Di Palma: «Gli incidenti mortali sono dovuti ad errori umani»
L’esperto: «Il ragazzo brasiliano? Quello è stato un suicidio»
DRO Quando risponde al telefono, si trova a bordo di un pulmino insieme a una decina di americani diretti verso le Dolomiti bellunesi. Alle spalle già i primi salti della giornata. Maurizio Di Palma, originario di Pavia ma trapiantato in Trentino nove anni fa, è uno dei base jumper che ha fatto più lanci al mondo e dai posti più disparati, Duomo di Milano compreso. Sul Brento si allena e insegna: «Non facciamo provare il base jump — si legge sul sito della sua Brento base school — trasformiamo paracadutisti in base jumper».
Di Palma, ci spiega, innanzitutto, cos’è il base jumping?
«Letteralmente, un acronimo che indica le principali categorie di oggetti da cui ci si può lanciare: buildings, antennas, span, earth. Ovvero edifici, antenne, ponti e pareti rocciose. I base jumper sono dei paracadutisti senza aereo. C’è anche la forma più estrema di volo, con la tuta alare. Parlare di pratica sportiva, tuttavia, è una forzatura: non ci sono federazioni o associazioni riconosciute e i praticanti nel mondo sono due o tremila, un numero irrisorio. Nessuno può fare questa attività se non è paracadutista: per accedere ai corsi base della mia scuola si deve avere alle spalle almeno 200 salti di skydiving».
Cosa vi spinge a compiere un passo nel vuoto?
«Per quanto mi riguarda, la passione per il volo: volare a oltre 200 chilometri orari è la massima espressione di libertà. La sfida, poi, non è solo quella del salto, sta anche nella ricerca del luogo e dell’oggetto da cui farlo: gli scenari completano l’esperienza. Poi, naturalmente, ognuno ha le sue motivazioni. Non è ricerca dell’adrenalina, ma desiderio di avventura il più delle volte, di mettersi in gioco, di raggiungere
La svolta GoPro e social media hanno fatto esplodere l’attività
obiettivi che elevano le proprie competenze».
Perché avvengono gli incidenti mortali?
«Nella quasi totalità dei casi si tratta di errore umano. Basta una valutazione errata: della propria condizione psicofisica, del materiale che si usa per il salto, delle condizioni meteo. È naturale, poi, che se un luogo è sempre più frequentato il numero degli incidenti aumenti. Essendo il Brento una parete molto facile, inoltre, è visitata anche da persone inesperte».
Come Reginaldo Gomes de Silva junior, il 25enne brasiliano che ha perso la vita mercoledì?

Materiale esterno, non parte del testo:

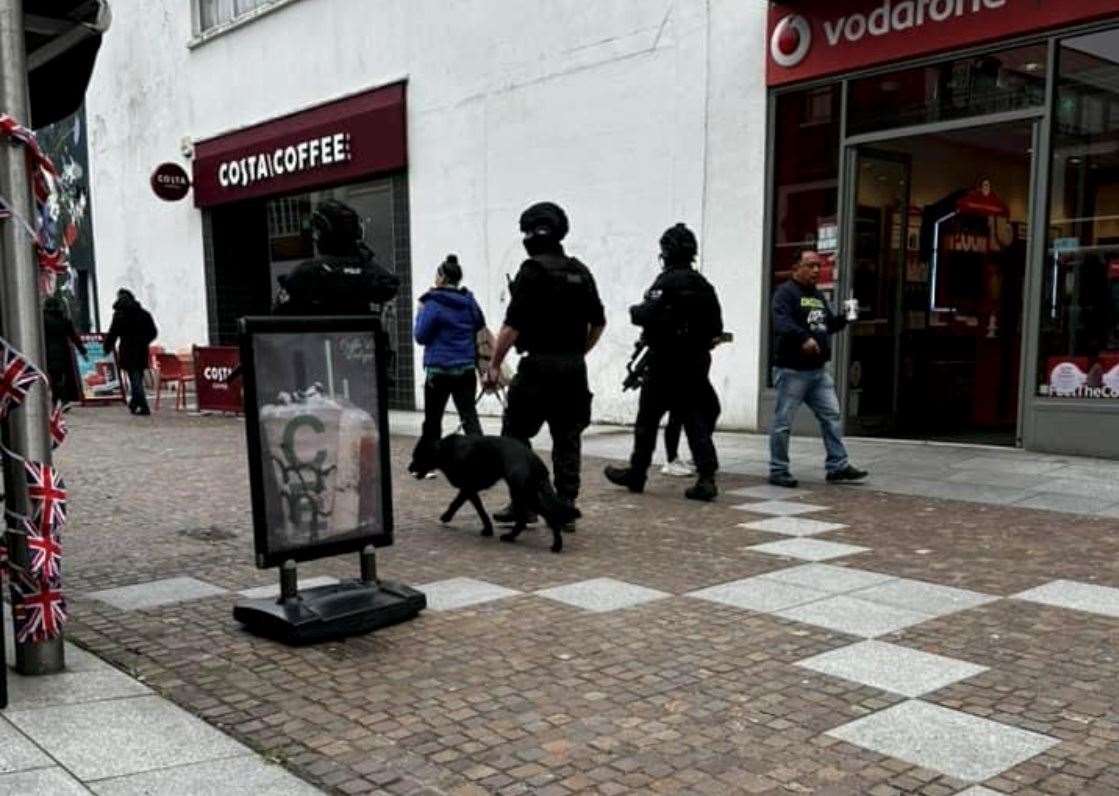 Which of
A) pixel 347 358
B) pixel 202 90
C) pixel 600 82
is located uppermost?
pixel 202 90

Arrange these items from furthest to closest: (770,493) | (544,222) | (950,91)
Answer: (950,91) → (770,493) → (544,222)

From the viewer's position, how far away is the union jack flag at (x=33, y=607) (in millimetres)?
3629

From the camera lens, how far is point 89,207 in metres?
23.8

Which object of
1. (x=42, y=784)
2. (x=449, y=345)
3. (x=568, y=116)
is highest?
(x=568, y=116)

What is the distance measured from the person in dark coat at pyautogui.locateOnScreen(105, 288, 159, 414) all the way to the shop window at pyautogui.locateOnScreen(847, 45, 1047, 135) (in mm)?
11128

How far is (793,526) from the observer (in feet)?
21.1

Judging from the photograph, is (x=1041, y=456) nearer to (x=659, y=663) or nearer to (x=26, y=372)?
(x=659, y=663)

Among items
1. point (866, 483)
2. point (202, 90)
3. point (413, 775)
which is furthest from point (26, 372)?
point (202, 90)

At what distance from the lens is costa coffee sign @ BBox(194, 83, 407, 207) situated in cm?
1493

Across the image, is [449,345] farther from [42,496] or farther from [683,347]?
[42,496]

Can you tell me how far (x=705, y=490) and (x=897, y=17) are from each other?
5.26m

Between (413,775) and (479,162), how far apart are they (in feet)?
38.1

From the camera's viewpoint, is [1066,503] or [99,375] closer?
[1066,503]

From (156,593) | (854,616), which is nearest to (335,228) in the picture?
(156,593) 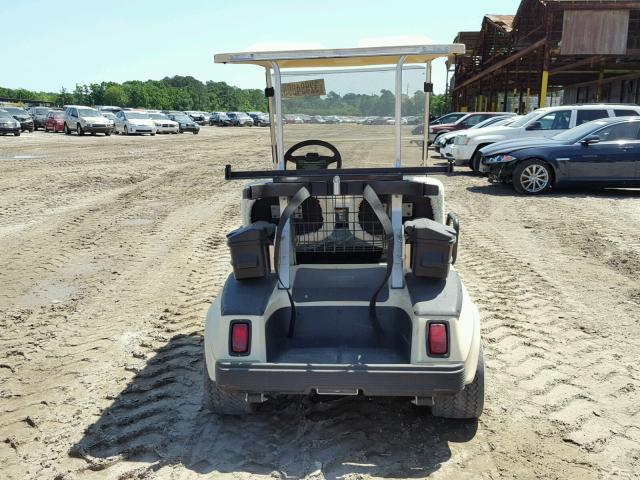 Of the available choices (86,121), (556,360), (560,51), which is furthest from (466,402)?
(86,121)

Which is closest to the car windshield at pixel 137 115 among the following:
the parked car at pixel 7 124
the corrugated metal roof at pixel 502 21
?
the parked car at pixel 7 124

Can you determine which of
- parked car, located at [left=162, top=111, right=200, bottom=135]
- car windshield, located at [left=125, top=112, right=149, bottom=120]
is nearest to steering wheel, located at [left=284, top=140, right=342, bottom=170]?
car windshield, located at [left=125, top=112, right=149, bottom=120]

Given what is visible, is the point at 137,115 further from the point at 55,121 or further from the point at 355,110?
the point at 355,110

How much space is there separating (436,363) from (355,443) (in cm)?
65

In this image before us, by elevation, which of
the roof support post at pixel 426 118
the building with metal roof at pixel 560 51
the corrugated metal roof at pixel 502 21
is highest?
the corrugated metal roof at pixel 502 21

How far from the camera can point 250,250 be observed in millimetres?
3279

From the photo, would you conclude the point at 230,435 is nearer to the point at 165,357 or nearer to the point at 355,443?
the point at 355,443

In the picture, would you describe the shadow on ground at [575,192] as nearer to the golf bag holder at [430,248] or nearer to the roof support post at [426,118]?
the roof support post at [426,118]

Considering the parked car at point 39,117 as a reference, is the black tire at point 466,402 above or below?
below

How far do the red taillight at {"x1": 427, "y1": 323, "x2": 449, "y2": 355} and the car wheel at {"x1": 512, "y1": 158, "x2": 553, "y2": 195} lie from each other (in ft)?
30.2

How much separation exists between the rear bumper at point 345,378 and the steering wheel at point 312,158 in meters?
1.78

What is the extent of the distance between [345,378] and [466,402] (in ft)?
2.54

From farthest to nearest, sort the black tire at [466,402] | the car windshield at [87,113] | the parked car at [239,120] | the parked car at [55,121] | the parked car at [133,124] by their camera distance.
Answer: the parked car at [239,120] < the parked car at [55,121] < the parked car at [133,124] < the car windshield at [87,113] < the black tire at [466,402]

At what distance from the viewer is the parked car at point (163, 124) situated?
3675 centimetres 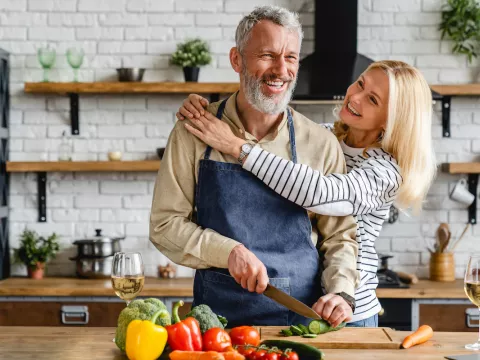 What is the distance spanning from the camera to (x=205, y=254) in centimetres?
223

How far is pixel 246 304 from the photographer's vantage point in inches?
90.0

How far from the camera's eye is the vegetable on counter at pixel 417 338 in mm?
1972

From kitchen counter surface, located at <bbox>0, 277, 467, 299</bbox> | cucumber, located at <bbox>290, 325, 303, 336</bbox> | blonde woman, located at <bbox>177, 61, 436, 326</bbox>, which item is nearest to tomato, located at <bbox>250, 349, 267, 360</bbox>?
cucumber, located at <bbox>290, 325, 303, 336</bbox>

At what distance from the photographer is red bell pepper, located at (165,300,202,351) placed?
1.78 m

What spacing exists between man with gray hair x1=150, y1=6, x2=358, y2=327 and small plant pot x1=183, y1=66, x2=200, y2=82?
2072 millimetres

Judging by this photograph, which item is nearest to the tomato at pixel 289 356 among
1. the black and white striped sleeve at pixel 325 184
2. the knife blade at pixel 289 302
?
the knife blade at pixel 289 302

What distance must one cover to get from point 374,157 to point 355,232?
26 cm

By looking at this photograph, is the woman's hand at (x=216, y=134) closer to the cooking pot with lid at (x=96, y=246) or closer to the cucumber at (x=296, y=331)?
the cucumber at (x=296, y=331)

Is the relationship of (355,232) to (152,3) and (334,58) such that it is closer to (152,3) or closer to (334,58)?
(334,58)

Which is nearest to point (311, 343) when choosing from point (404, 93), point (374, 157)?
point (374, 157)

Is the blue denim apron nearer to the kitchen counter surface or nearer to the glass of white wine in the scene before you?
the glass of white wine

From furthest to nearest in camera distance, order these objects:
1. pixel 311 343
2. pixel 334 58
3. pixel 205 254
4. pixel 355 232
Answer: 1. pixel 334 58
2. pixel 355 232
3. pixel 205 254
4. pixel 311 343

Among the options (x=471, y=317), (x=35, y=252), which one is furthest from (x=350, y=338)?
(x=35, y=252)

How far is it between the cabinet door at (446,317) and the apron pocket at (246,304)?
2099 mm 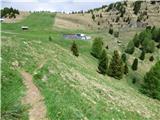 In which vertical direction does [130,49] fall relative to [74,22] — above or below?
below

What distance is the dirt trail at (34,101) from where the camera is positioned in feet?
97.9

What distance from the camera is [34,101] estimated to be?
3294 cm

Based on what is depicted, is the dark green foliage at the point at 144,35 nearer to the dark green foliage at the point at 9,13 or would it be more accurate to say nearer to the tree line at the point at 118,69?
the tree line at the point at 118,69

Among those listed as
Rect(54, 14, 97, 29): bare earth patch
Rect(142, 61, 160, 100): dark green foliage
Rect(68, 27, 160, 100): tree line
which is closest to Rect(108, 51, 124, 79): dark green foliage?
Rect(68, 27, 160, 100): tree line

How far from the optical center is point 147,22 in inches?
7628

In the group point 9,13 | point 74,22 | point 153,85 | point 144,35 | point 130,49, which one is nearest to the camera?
point 153,85

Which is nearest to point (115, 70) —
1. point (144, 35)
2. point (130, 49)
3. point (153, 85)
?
point (153, 85)

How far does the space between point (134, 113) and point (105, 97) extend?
3.74m

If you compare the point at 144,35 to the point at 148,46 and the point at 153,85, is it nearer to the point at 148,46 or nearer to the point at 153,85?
the point at 148,46

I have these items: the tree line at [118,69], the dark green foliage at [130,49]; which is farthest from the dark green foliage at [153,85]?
the dark green foliage at [130,49]

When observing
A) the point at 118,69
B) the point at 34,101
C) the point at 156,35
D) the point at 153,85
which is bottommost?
the point at 156,35

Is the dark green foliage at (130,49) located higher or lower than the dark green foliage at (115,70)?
lower

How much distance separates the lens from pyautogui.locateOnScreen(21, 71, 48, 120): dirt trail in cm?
2985

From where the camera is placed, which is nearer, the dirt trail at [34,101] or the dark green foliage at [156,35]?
the dirt trail at [34,101] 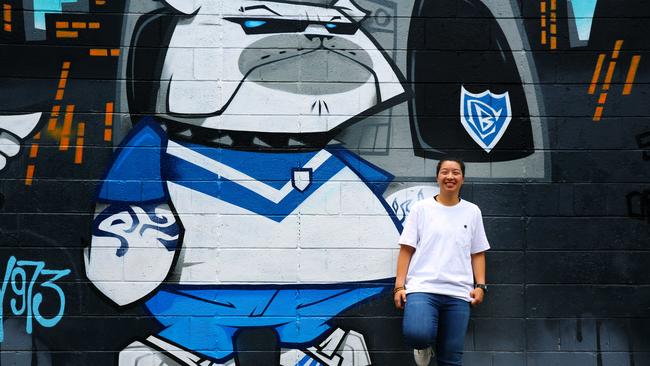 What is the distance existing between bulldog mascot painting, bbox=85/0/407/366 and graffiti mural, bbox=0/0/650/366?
0.04 ft

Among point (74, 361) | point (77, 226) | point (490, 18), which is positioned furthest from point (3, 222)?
point (490, 18)

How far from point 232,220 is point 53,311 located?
137cm

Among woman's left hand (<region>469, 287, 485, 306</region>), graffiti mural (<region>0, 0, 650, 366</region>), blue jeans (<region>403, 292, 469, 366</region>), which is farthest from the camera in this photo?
graffiti mural (<region>0, 0, 650, 366</region>)

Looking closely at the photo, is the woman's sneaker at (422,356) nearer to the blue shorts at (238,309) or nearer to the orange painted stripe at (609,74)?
the blue shorts at (238,309)

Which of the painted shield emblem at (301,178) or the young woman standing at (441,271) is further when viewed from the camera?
the painted shield emblem at (301,178)

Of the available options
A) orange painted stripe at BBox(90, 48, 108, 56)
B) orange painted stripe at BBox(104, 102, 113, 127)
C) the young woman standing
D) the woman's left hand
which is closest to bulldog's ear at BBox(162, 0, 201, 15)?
orange painted stripe at BBox(90, 48, 108, 56)

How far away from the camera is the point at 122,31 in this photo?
17.0ft

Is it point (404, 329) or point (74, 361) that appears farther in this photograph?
point (74, 361)

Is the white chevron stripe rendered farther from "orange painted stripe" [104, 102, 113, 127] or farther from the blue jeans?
the blue jeans

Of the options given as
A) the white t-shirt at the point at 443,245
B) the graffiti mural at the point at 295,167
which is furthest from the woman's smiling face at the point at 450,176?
the graffiti mural at the point at 295,167

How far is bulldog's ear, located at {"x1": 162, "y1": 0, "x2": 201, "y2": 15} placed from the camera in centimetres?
519

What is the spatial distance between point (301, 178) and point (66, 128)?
1.64 metres

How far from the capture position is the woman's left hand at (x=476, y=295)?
15.6 feet

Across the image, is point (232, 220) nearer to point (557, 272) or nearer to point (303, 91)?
point (303, 91) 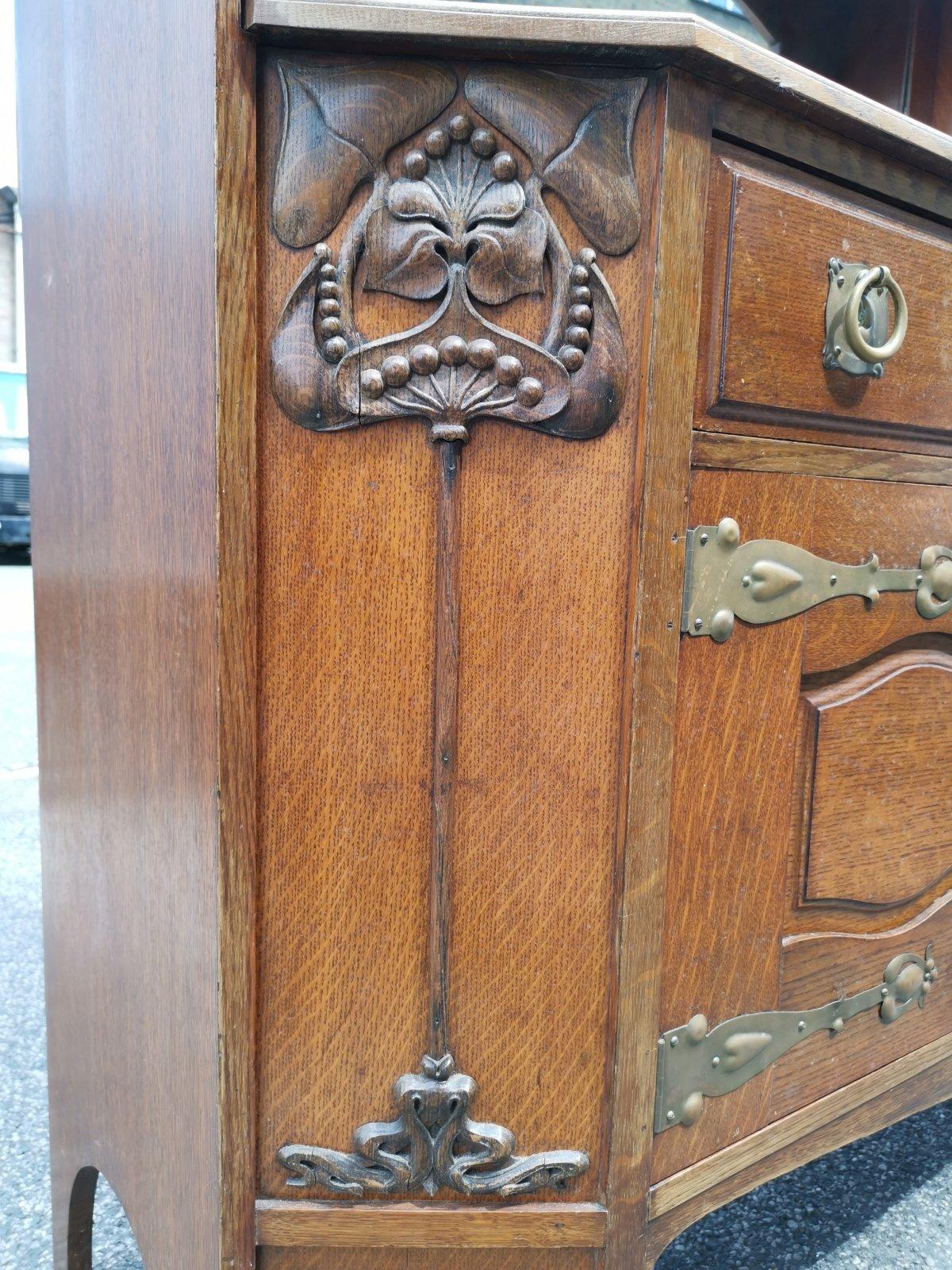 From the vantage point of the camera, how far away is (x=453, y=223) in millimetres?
496

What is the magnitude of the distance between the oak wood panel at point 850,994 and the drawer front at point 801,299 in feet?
1.15

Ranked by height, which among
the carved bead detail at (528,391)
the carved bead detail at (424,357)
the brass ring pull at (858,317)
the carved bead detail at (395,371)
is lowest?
the carved bead detail at (528,391)

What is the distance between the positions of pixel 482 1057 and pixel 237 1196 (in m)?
0.15

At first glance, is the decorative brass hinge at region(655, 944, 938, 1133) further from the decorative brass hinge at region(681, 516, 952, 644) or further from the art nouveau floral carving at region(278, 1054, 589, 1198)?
the decorative brass hinge at region(681, 516, 952, 644)

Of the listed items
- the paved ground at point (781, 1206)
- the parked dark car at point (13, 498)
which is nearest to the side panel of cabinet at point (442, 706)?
the paved ground at point (781, 1206)

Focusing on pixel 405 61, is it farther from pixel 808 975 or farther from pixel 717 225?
pixel 808 975

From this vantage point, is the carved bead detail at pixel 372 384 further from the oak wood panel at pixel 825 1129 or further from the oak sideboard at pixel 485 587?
the oak wood panel at pixel 825 1129

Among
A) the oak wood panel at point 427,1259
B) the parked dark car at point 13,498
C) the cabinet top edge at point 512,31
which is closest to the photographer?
the cabinet top edge at point 512,31

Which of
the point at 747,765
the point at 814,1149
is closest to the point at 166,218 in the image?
the point at 747,765

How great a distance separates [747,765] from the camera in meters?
0.60

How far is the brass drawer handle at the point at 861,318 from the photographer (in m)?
0.59

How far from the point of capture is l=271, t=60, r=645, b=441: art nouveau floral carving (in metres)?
0.49

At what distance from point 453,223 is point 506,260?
3cm

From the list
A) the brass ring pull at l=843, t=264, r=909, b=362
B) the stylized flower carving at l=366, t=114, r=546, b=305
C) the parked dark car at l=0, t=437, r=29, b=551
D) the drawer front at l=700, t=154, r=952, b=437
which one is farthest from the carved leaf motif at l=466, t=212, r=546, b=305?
the parked dark car at l=0, t=437, r=29, b=551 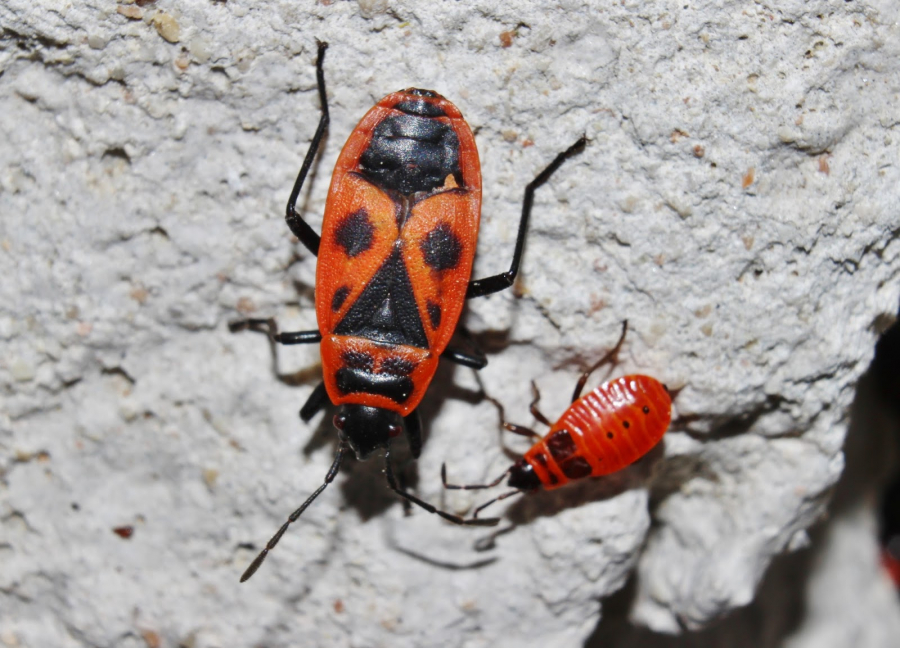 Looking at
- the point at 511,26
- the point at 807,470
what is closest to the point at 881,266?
the point at 807,470

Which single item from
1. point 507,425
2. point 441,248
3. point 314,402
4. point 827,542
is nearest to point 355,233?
point 441,248

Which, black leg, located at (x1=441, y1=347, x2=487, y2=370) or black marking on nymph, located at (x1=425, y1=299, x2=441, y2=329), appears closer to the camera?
black marking on nymph, located at (x1=425, y1=299, x2=441, y2=329)

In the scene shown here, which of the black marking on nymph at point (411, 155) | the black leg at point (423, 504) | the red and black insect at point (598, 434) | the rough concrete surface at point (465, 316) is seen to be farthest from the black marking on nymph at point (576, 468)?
the black marking on nymph at point (411, 155)

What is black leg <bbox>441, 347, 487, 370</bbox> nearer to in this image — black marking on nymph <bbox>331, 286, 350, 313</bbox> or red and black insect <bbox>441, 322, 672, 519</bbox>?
red and black insect <bbox>441, 322, 672, 519</bbox>

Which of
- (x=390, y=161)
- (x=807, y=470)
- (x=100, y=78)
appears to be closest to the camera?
(x=390, y=161)

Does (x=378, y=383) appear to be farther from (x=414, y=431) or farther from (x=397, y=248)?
(x=397, y=248)

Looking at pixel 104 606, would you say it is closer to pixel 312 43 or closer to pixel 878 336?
pixel 312 43

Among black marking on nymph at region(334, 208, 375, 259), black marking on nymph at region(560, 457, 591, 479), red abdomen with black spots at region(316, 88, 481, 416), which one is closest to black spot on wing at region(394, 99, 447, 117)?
red abdomen with black spots at region(316, 88, 481, 416) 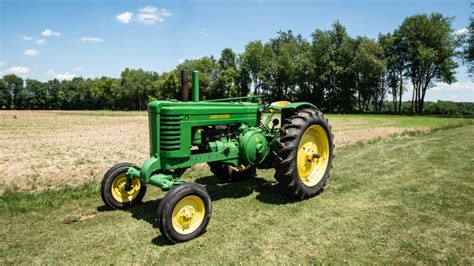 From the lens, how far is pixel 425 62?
42.2 m

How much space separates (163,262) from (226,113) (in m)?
2.73

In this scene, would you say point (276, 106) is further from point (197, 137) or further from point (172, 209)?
point (172, 209)

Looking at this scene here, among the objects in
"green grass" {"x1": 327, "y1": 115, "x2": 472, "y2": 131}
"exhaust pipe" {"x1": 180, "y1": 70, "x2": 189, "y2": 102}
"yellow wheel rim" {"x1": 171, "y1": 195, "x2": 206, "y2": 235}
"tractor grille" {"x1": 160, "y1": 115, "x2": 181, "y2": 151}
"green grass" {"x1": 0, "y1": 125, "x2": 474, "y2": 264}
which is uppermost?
"exhaust pipe" {"x1": 180, "y1": 70, "x2": 189, "y2": 102}

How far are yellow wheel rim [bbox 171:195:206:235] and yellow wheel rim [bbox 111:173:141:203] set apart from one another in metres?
1.57

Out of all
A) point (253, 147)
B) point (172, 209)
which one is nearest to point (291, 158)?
point (253, 147)

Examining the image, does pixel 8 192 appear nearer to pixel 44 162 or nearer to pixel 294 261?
pixel 44 162

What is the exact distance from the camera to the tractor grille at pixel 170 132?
4.92m

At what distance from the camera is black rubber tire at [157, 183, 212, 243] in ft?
13.7

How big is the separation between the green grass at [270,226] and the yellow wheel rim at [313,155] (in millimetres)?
421

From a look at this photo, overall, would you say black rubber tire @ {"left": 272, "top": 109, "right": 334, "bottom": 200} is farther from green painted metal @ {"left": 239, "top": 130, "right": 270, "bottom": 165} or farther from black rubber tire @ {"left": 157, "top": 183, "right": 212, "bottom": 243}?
black rubber tire @ {"left": 157, "top": 183, "right": 212, "bottom": 243}

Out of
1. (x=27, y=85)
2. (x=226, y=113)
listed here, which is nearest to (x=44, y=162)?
(x=226, y=113)

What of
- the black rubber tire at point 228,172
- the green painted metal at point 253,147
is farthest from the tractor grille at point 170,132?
the black rubber tire at point 228,172

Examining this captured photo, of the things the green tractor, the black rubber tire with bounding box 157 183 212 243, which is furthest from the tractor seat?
the black rubber tire with bounding box 157 183 212 243

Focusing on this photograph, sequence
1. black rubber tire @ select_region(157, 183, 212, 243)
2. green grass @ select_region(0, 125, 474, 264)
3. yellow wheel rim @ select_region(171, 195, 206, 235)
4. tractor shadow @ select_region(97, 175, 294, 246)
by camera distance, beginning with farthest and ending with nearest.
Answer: tractor shadow @ select_region(97, 175, 294, 246), yellow wheel rim @ select_region(171, 195, 206, 235), black rubber tire @ select_region(157, 183, 212, 243), green grass @ select_region(0, 125, 474, 264) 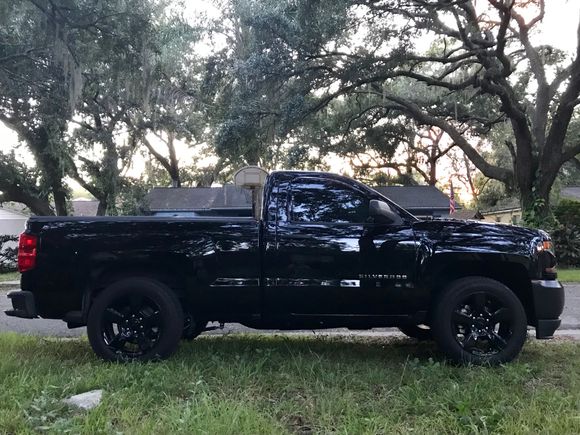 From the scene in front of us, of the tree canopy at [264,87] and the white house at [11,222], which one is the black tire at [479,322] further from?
the white house at [11,222]

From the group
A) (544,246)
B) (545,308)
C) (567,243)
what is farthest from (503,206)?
(545,308)

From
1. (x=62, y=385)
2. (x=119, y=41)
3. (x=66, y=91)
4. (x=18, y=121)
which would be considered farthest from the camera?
(x=18, y=121)

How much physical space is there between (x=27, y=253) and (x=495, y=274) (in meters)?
4.57

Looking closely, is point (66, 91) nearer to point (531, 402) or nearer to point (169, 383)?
point (169, 383)

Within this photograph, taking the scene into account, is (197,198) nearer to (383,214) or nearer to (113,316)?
(113,316)

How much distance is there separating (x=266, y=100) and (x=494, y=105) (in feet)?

«Non si è trattato di incidente, quello è stato un suicidio. Il ragazzo aveva sulle spalle materiale da paracadutismo, che è come usare gli sci d’acqua per andare sulla neve. Chiunque sa che una tale attrezzatura non funziona, lui non aveva alcuna esperienza, nemmeno di paracadutismo. La cosa strana è che nessuno si è accorto di quello che stava per fare, non si è fatto vedere. Ha pagato un prezzo altissimo».
Posto che il Brento è «La Mecca del base jump» con più di diecimila lanci l’anno e che la pratica rimane comunque di nicchia, cosa ha fatto lievitare i numeri?
«L’avvento delle GoPro e dei social media. Da sette anni a questa parte, tutti hanno potuto scoprire l’esistenza del base jumping. I social soprattutto sono stati il principale catalizzatore, hanno fatto esplodere l’attività».